さらに、西欧教会勢力を日本の伝統的宗教観を破壊するものであるとして敵視している。
「これでは連携した動きなど、夢のまた夢よなぁ」
久遠が嘲りに唇を歪める。
結局、この場に遠野沙夜が呼ばれていないのも、そのためなのだ。沙夜の内心がどうであれ、彼女は陰陽庁長官直属の独立祓魔官、つまりは陰陽庁の所属なのである。
それをこのような密談めいた場所、しかも宮家に招くなど、陰陽庁の権限の面からも、皇室の権威の面からも、問題が生じる。
四月の事件の際はその解決の功を労うために沙夜と虎徹が呼ばれたが、そうした特別な事情がなければ屋敷に人を招くことは憚られる。
輪王寺宮としても、特定の祓魔官を贔屓にしていると受け取られる行為は避けなければならないのだ。
だからこそ、存在の秘匿されている篁太郎がこの場にいるのである。
「私も人間と連携する気はないけど」と、銀嶺。「人間たちが私たちの縄張りを荒らしに来るんだったら、篁太郎には協力してやってもいい」
「ありがとうございます、銀嶺」
「別に、いつものことでしょ?」
篁太郎の幼い頃から付き合いのある王子の狐は、素っ気ない口調で朋への協力を申し出てくれた。それが、篁太郎には素直にありがたい。
「王子の狐殿」信久王が言う。「西欧教会は、あなた方妖の存在を許容しません。異端討滅機関は、当然、あなた方も討滅の対象とします。全国の妖たちが連携することは可能ですか?」
「無理だね」
銀嶺はにべもなかった。
「私は、畿内の妖たちから見ればたかだか千年ちょっとしか生きていない若輩者。彼ら彼女らには見下されているからね」
自身が見下されていることを、内心どうとも思っていないかのような口調だった。
「貴船の龍神、鞍馬山の天狗、信田の狐、確かに味方になれば心強いかもしれないけど、助力は仰げないよ。彼らが危機感を覚えればまた別かもしれないけど」
「まあ、我が警告を発すること程度は出来よう」
仕方ない、とばかりに久遠が口を出した。
もちろん、銀嶺も妖たちに警告を出すことは出来る。だが畿内の大妖怪たちは、王子の狐が警告したところで、逆に彼女の力不足を嘲るだけだろう。
その点、妖狐の女帝たる九尾の狐は妖など霊的存在の中でも頂点に位置する存在の一つである。その警告にはそれなりの重みがあるのだ。
ただ、それで真剣に対応策を練るかどうかはまた別問題であろうが。
「少なくとも、信田の狐は真面目ですから、万が一の場合は頼っても大丈夫でしょう」
「篁太郎よ、貴様はあの女狐めの肩を持つのか」
不愉快そうに、久遠は篁太郎を睨んだ。
信田の狐。
平安の大陰陽師、安倍晴明の母との伝説が残る妖狐である。時期的には、久遠が玉藻の前として朝廷に潜り込んでいた時代と前後しており、彼女たちは互いに面識がある。
だが、人間社会の混乱を目的とする九尾の狐と、人間社会との調和を重んじる信田の狐は決定的に考えが合わず、最終的には朝廷による玉藻の前討伐に信田の狐は協力したという。
だからこそ、久遠にとって信田の狐は千年来の敵ともいえた。彼女が朝廷の軍勢に協力しなければ、自分は封印されることなどなかったとも思っている。

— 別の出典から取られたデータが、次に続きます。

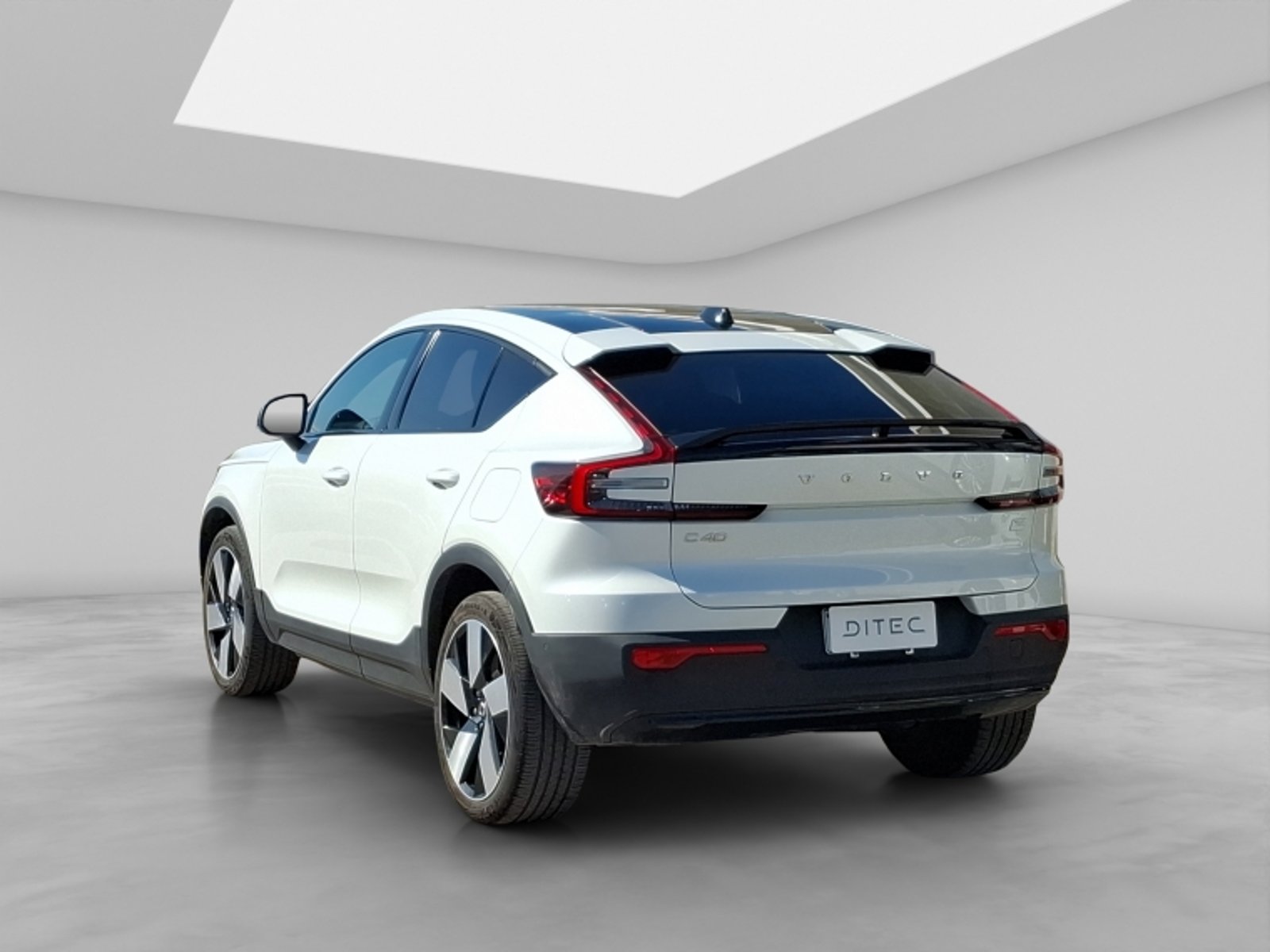 Volvo C40 P8 Recharge 2024 - Foto 5 de 20
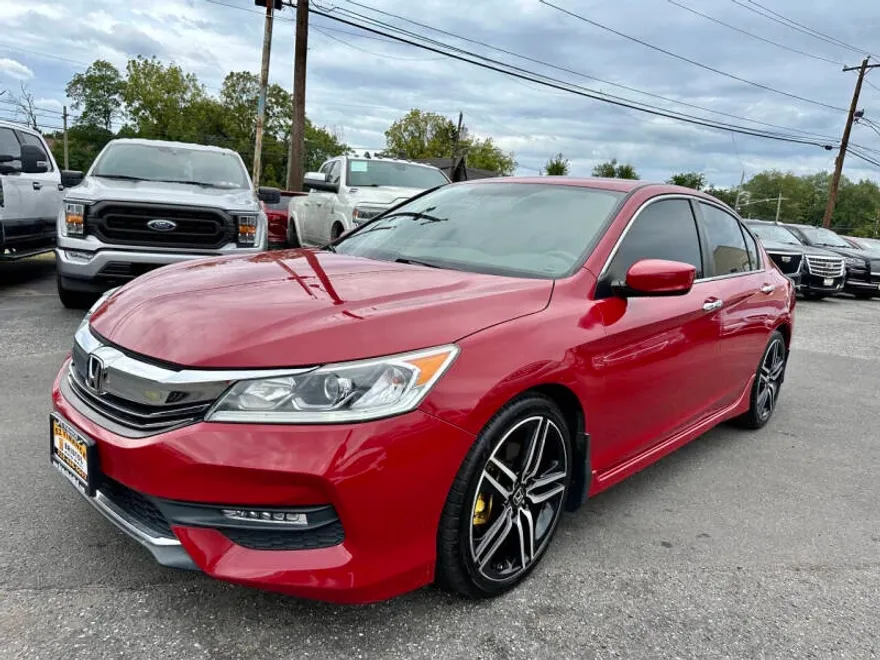 2017 Honda Accord Sport photo 1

篁太郎に言わせれば、多分に負け惜しみも含まれているのだろうが。
もちろん、それを口に出せば後が怖いので、黙っている。
「俺は、帝国臣民ですから」
そうとだけ言って、篁太郎は久遠への答えとした。
つまり、国家にとって利益となるならば自身の式神の敵とも協力することを厭わないという意思表示である。
「お前は、相変わらずよのぅ」
やれやれと言わんばかりに溜息をついて苦笑する久遠。彼女としても、自身を式神とする男の内面は理解している。そして、この陰陽師が最終的に誰を頼りとするのかも判っている。
だから、それ以上の追求をしなかった。
「それと、ヴァチカンの標的が沙夜と虎徹くんなのであれば、西日本への霊的影響は限定的でしょう。彼らとしても、戦力を分散する愚を犯すとは考えられません」
「それもそうですね」信久王が篁太郎の意見に同意する。「しかし、どうしても問題は残ります。我々が異端討滅機関にどう対抗するのか、という点です」
「連携が不可能なのであれば、各機関が個別に対応するしかないかと存じます」
「やむを得ませんか」
「各機関で情報の共有が必要な場合、臣が仲介の役を勤めましょう。幸い、陰陽庁長官、宮内省皇宮警察御霊部部長は、臣という存在を知る立場にあります」
「では、そうしていただくとしましょう」
澄子女王がそう決定した。
「臣としても、独自に動きたく存じますが」
「構いません」篁太郎と共に、万が一の場合の九尾の狐の封印役とされている澄子女王が言った。「有坂祓魔官は、この件に関して自身の判断で動くことを許可します」
「ご高配、ありがたく存じます」
すっと篁太郎は一礼した。
「ときに、有坂祓魔官」
澄子女王が、思い出したかのように問うた。
「遠野祓魔官ではない、あなたももう一人のお弟子さんですが、異端討滅機関の持つ情報次第では、彼女も無関係ではいられないかもしれません。“あの子”のことも気にかけていただけると幸いです」
「かしこまりました」
終始、臣下であることを言葉と態度で示し続ける篁太郎。
その様子を見ていた久遠は、胸の中に模糊とした苛立ちが湧き上がってくるのを感じていた。妖狐の女帝たる自身を式神とする男が、へりくだった態度を取る。それが、何か許せないことのように感じるのだ。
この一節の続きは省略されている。